◆ **BRIEF**
Nothing in the records may be changed; reproduce all of them.

◆ **DATA PROVIDED**

================================

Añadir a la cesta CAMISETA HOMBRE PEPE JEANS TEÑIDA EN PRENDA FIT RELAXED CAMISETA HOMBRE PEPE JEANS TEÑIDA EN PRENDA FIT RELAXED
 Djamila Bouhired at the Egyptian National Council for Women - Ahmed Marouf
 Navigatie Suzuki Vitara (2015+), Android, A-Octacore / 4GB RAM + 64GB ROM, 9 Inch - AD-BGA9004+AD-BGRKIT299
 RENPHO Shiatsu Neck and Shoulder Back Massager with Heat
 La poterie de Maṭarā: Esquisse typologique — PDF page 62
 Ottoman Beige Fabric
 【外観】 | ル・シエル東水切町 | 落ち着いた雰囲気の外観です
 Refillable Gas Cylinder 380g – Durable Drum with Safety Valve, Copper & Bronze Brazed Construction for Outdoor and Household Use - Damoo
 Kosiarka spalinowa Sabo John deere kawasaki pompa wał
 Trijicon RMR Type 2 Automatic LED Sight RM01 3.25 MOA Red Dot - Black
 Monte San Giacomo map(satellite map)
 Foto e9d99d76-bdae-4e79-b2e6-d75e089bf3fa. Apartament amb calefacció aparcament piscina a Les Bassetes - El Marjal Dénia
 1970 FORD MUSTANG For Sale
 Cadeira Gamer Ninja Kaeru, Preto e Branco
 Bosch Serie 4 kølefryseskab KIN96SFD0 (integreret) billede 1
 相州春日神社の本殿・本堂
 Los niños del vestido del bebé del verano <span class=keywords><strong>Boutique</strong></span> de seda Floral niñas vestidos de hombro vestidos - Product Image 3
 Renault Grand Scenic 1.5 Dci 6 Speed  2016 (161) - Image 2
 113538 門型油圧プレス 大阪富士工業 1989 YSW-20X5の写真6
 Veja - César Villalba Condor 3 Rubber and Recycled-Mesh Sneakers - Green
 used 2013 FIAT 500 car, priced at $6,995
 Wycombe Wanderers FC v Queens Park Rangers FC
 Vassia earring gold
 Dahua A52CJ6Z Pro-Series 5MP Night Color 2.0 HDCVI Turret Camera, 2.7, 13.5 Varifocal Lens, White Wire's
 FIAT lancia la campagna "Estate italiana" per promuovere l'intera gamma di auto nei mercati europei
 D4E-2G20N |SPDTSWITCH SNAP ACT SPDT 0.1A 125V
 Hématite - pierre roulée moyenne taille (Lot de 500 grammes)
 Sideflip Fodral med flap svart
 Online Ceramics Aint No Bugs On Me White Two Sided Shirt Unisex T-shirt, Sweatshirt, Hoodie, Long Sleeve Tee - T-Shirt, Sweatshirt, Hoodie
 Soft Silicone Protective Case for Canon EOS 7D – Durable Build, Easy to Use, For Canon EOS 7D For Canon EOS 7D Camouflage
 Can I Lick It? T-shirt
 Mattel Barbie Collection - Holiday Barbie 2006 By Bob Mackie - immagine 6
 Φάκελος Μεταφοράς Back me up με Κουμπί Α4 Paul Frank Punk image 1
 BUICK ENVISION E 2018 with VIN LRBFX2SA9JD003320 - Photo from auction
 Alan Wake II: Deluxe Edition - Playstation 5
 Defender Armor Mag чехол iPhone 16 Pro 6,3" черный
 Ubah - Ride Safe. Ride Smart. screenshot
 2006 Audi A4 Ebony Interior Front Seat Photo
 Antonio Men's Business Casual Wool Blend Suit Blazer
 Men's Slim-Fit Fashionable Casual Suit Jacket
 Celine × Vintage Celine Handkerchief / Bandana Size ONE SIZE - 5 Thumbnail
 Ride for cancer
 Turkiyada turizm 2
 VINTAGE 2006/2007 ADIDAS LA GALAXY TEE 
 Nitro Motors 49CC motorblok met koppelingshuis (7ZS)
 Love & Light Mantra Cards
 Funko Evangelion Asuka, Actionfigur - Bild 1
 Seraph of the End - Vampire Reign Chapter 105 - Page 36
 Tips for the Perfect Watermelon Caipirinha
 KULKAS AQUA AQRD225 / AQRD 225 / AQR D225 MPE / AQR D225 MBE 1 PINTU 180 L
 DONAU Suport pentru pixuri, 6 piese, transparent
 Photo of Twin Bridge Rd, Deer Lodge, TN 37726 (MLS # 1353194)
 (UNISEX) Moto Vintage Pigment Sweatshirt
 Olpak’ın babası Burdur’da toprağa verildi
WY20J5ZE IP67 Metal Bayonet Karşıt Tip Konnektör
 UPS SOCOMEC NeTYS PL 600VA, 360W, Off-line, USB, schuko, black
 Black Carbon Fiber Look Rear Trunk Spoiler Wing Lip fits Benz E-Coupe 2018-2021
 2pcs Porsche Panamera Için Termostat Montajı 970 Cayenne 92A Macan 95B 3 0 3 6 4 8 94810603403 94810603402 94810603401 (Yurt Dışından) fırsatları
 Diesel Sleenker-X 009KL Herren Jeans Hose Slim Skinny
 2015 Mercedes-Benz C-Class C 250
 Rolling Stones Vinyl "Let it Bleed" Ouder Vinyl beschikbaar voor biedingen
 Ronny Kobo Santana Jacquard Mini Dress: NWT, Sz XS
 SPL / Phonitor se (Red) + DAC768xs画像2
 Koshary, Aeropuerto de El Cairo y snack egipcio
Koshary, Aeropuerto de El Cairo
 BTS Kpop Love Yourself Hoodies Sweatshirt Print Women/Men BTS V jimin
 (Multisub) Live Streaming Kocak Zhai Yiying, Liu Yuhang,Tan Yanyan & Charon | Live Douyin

================================

◆ **EXERCISE RESULT**
Añadir a la cesta CAMISETA HOMBRE PEPE JEANS TEÑIDA EN PRENDA FIT RELAXED CAMISETA HOMBRE PEPE JEANS TEÑIDA EN PRENDA FIT RELAXED
 Djamila Bouhired at the Egyptian National Council for Women - Ahmed Marouf
 Navigatie Suzuki Vitara (2015+), Android, A-Octacore / 4GB RAM + 64GB ROM, 9 Inch - AD-BGA9004+AD-BGRKIT299
 RENPHO Shiatsu Neck and Shoulder Back Massager with Heat
 La poterie de Maṭarā: Esquisse typologique — PDF page 62
 Ottoman Beige Fabric
 【外観】 | ル・シエル東水切町 | 落ち着いた雰囲気の外観です
 Refillable Gas Cylinder 380g – Durable Drum with Safety Valve, Copper & Bronze Brazed Construction for Outdoor and Household Use - Damoo
 Kosiarka spalinowa Sabo John deere kawasaki pompa wał
 Trijicon RMR Type 2 Automatic LED Sight RM01 3.25 MOA Red Dot - Black
 Monte San Giacomo map(satellite map)
 Foto e9d99d76-bdae-4e79-b2e6-d75e089bf3fa. Apartament amb calefacció aparcament piscina a Les Bassetes - El Marjal Dénia
 1970 FORD MUSTANG For Sale
 Cadeira Gamer Ninja Kaeru, Preto e Branco
 Bosch Serie 4 kølefryseskab KIN96SFD0 (integreret) billede 1
 相州春日神社の本殿・本堂
 Los niños del vestido del bebé del verano <span class=keywords><strong>Boutique</strong></span> de seda Floral niñas vestidos de hombro vestidos - Product Image 3
 Renault Grand Scenic 1.5 Dci 6 Speed  2016 (161) - Image 2
 113538 門型油圧プレス 大阪富士工業 1989 YSW-20X5の写真6
 Veja - César Villalba Condor 3 Rubber and Recycled-Mesh Sneakers - Green
 used 2013 FIAT 500 car, priced at $6,995
 Wycombe Wanderers FC v Queens Park Rangers FC
 Vassia earring gold
 Dahua A52CJ6Z Pro-Series 5MP Night Color 2.0 HDCVI Turret Camera, 2.7, 13.5 Varifocal Lens, White Wire's
 FIAT lancia la campagna "Estate italiana" per promuovere l'intera gamma di auto nei mercati europei
 D4E-2G20N |SPDTSWITCH SNAP ACT SPDT 0.1A 125V
 Hématite - pierre roulée moyenne taille (Lot de 500 grammes)
 Sideflip Fodral med flap svart
 Online Ceramics Aint No Bugs On Me White Two Sided Shirt Unisex T-shirt, Sweatshirt, Hoodie, Long Sleeve Tee - T-Shirt, Sweatshirt, Hoodie
 Soft Silicone Protective Case for Canon EOS 7D – Durable Build, Easy to Use, For Canon EOS 7D For Canon EOS 7D Camouflage
 Can I Lick It? T-shirt
 Mattel Barbie Collection - Holiday Barbie 2006 By Bob Mackie - immagine 6
 Φάκελος Μεταφοράς Back me up με Κουμπί Α4 Paul Frank Punk image 1
 BUICK ENVISION E 2018 with VIN LRBFX2SA9JD003320 - Photo from auction
 Alan Wake II: Deluxe Edition - Playstation 5
 Defender Armor Mag чехол iPhone 16 Pro 6,3" черный
 Ubah - Ride Safe. Ride Smart. screenshot
 2006 Audi A4 Ebony Interior Front Seat Photo
 Antonio Men's Business Casual Wool Blend Suit Blazer
 Men's Slim-Fit Fashionable Casual Suit Jacket
 Celine × Vintage Celine Handkerchief / Bandana Size ONE SIZE - 5 Thumbnail
 Ride for cancer
 Turkiyada turizm 2
 VINTAGE 2006/2007 ADIDAS LA GALAXY TEE 
 Nitro Motors 49CC motorblok met koppelingshuis (7ZS)
 Love & Light Mantra Cards
 Funko Evangelion Asuka, Actionfigur - Bild 1
 Seraph of the End - Vampire Reign Chapter 105 - Page 36
 Tips for the Perfect Watermelon Caipirinha
 KULKAS AQUA AQRD225 / AQRD 225 / AQR D225 MPE / AQR D225 MBE 1 PINTU 180 L
 DONAU Suport pentru pixuri, 6 piese, transparent
 Photo of Twin Bridge Rd, Deer Lodge, TN 37726 (MLS # 1353194)
 (UNISEX) Moto Vintage Pigment Sweatshirt
 Olpak’ın babası Burdur’da toprağa verildi
WY20J5ZE IP67 Metal Bayonet Karşıt Tip Konnektör
 UPS SOCOMEC NeTYS PL 600VA, 360W, Off-line, USB, schuko, black
 Black Carbon Fiber Look Rear Trunk Spoiler Wing Lip fits Benz E-Coupe 2018-2021
 2pcs Porsche Panamera Için Termostat Montajı 970 Cayenne 92A Macan 95B 3 0 3 6 4 8 94810603403 94810603402 94810603401 (Yurt Dışından) fırsatları
 Diesel Sleenker-X 009KL Herren Jeans Hose Slim Skinny
 2015 Mercedes-Benz C-Class C 250
 Rolling Stones Vinyl "Let it Bleed" Ouder Vinyl beschikbaar voor biedingen
 Ronny Kobo Santana Jacquard Mini Dress: NWT, Sz XS
 SPL / Phonitor se (Red) + DAC768xs画像2
 Koshary, Aeropuerto de El Cairo y snack egipcio
Koshary, Aeropuerto de El Cairo
 BTS Kpop Love Yourself Hoodies Sweatshirt Print Women/Men BTS V jimin
 (Multisub) Live Streaming Kocak Zhai Yiying, Liu Yuhang,Tan Yanyan & Charon | Live Douyin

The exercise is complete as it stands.